COLLECTED MATERIAL:

■ ■ ■ ■ ■

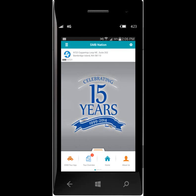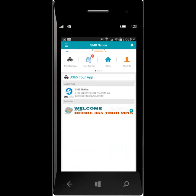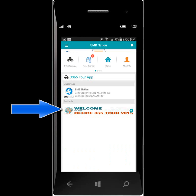Once the SMB Nation app is opened, you will see the first button on the app is called O365 Tour. Tap that button. You will see the Office 365 Tour logo under Available. Tap the logo to add it to your favorites.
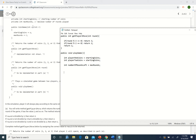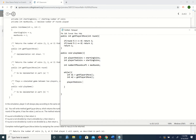Now we need to play the game. Let's put a while loop here and figure out the condition later. What happens in one round? We get player one's move and player two's move. So: int m1 = getPlayerOneMove(); int m2 = getPlayerTwoMove(). Then playerOneCoins -= m1 and playerTwoCoins -= m2, subtracting the coins each player spent.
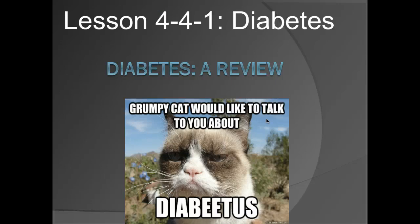Hello, this is Aidan Scott, Program Manager and Lead Director for EMS University San Antonio. We're now going to take a look at Lesson 4-4-1, Diabetes.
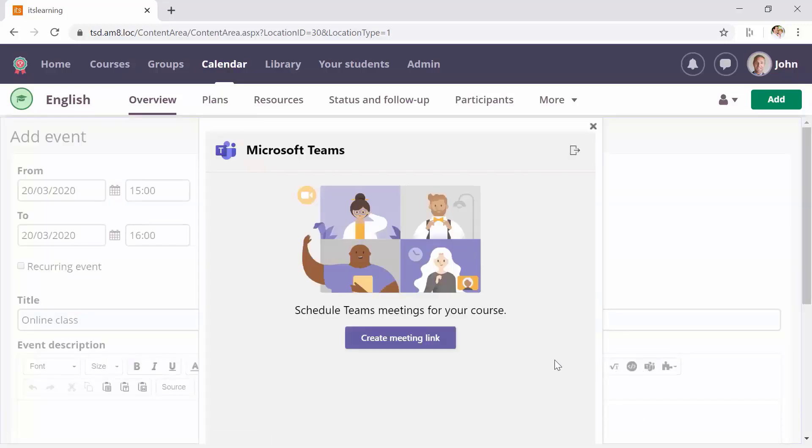If you're already logged in, you can immediately create a meeting. Otherwise, you will be asked to log in first.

■ ■ ■ ■ ■

GOAL OF THE EXERCISE: Images are to be left out; everything else in the material must be written out exactly.

FINAL ANSWER:
Once the SMB Nation app is opened, you will see the first button on the app is called O365 Tour. Tap that button. You will see the Office 365 Tour logo under Available. Tap the logo to add it to your favorites.
Now we need to play the game. Let's put a while loop here and figure out the condition later. What happens in one round? We get player one's move and player two's move. So: int m1 = getPlayerOneMove(); int m2 = getPlayerTwoMove(). Then playerOneCoins -= m1 and playerTwoCoins -= m2, subtracting the coins each player spent.
Hello, this is Aidan Scott, Program Manager and Lead Director for EMS University San Antonio. We're now going to take a look at Lesson 4-4-1, Diabetes.
If you're already logged in, you can immediately create a meeting. Otherwise, you will be asked to log in first.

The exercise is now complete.